Abstract

This article presents a reliability-based evacuation route planning model that seeks to find the relationship between the clearance time, number of evacuation paths, and congestion probability during an evacuation. Most of the existing models for network evacuation assume deterministic capacity estimates for road links without taking into account the uncertainty in capacities induced by myriad external conditions. Only a handful of models exist in the literature that account for capacity uncertainty of road links. A dynamic network–based evacuation model is extended by incorporating probabilistic arc capacity constraints and a minimum-cost network flow problem is formulated that finds a lower bound on the clearance time within the framework of a chance-constrained programming technique. Network breakdown minimization principles for traffic flow in evacuation planning problem are applied and a path-based evacuation routing and scheduling model is formulated.
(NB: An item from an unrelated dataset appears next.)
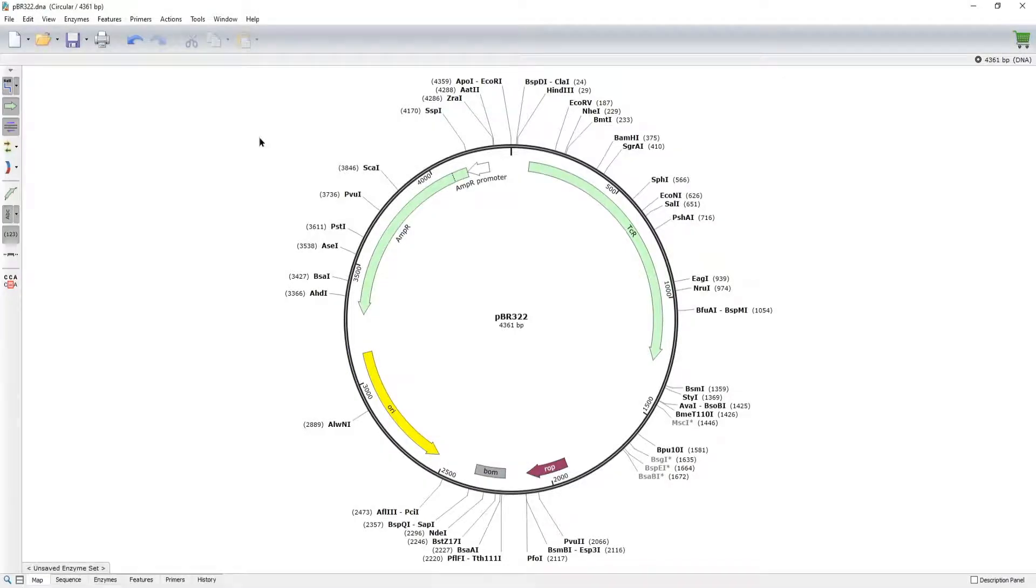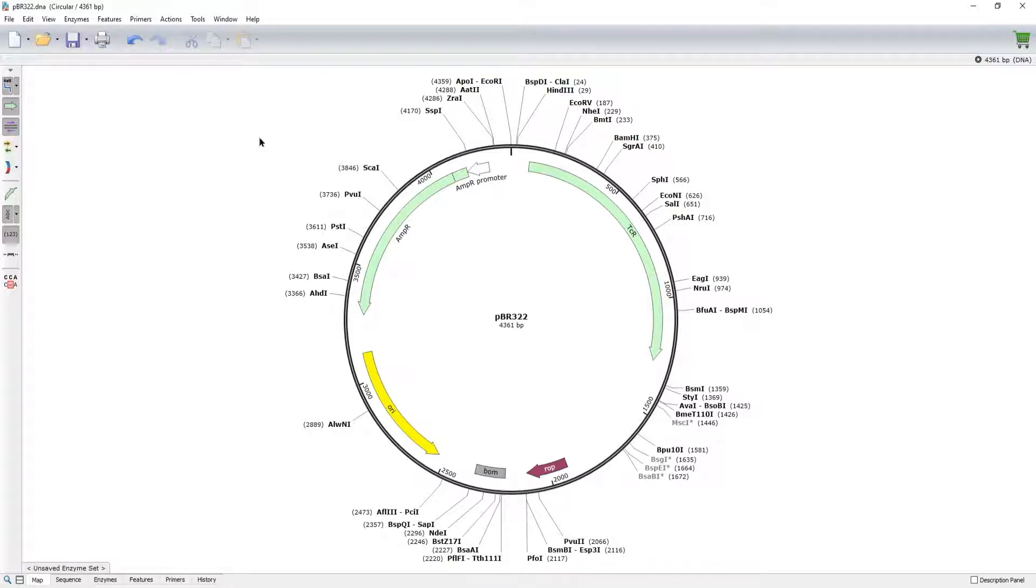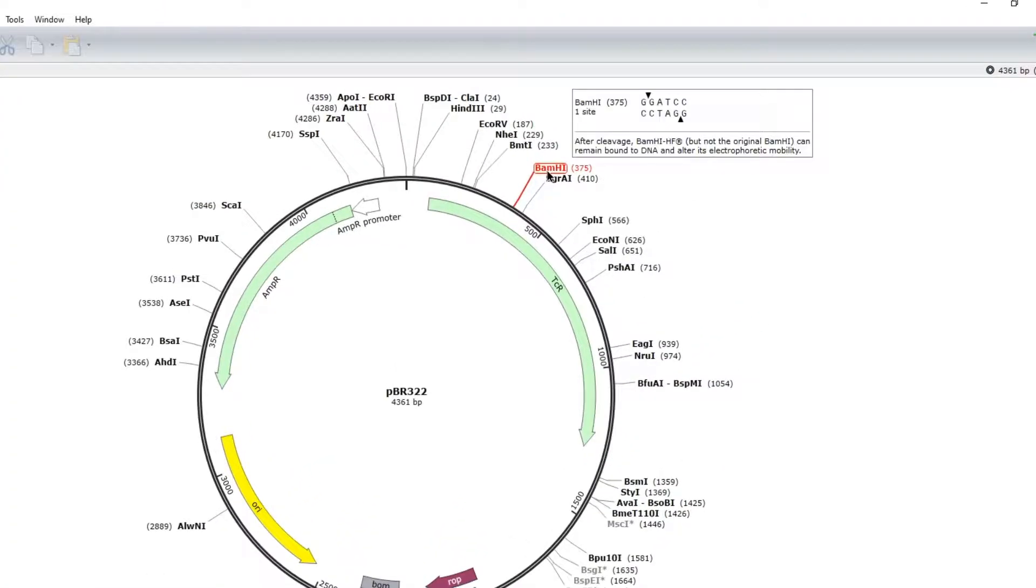By default, SnapGene displays enzymes that appear once in your sequence and have a six or more base pair recognition site. Restriction enzymes that only cut once are marked in bold, and the hover option allows you to access more detail easily.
Given the horizon time for evacuation, the model selects the evacuation paths and finds flows on the selected paths that result in the minimum congestion in the network along with the reliability of the evacuation plan. Numerical examples are presented and the effectiveness of the stochastic models in evacuation planning is discussed. It is shown that the reliability-based evacuation plan is conservative compared with plans made using a deterministic model. Stochastic models guarantee that congestion can be avoided with a higher confidence level at the cost of an increased clearance time.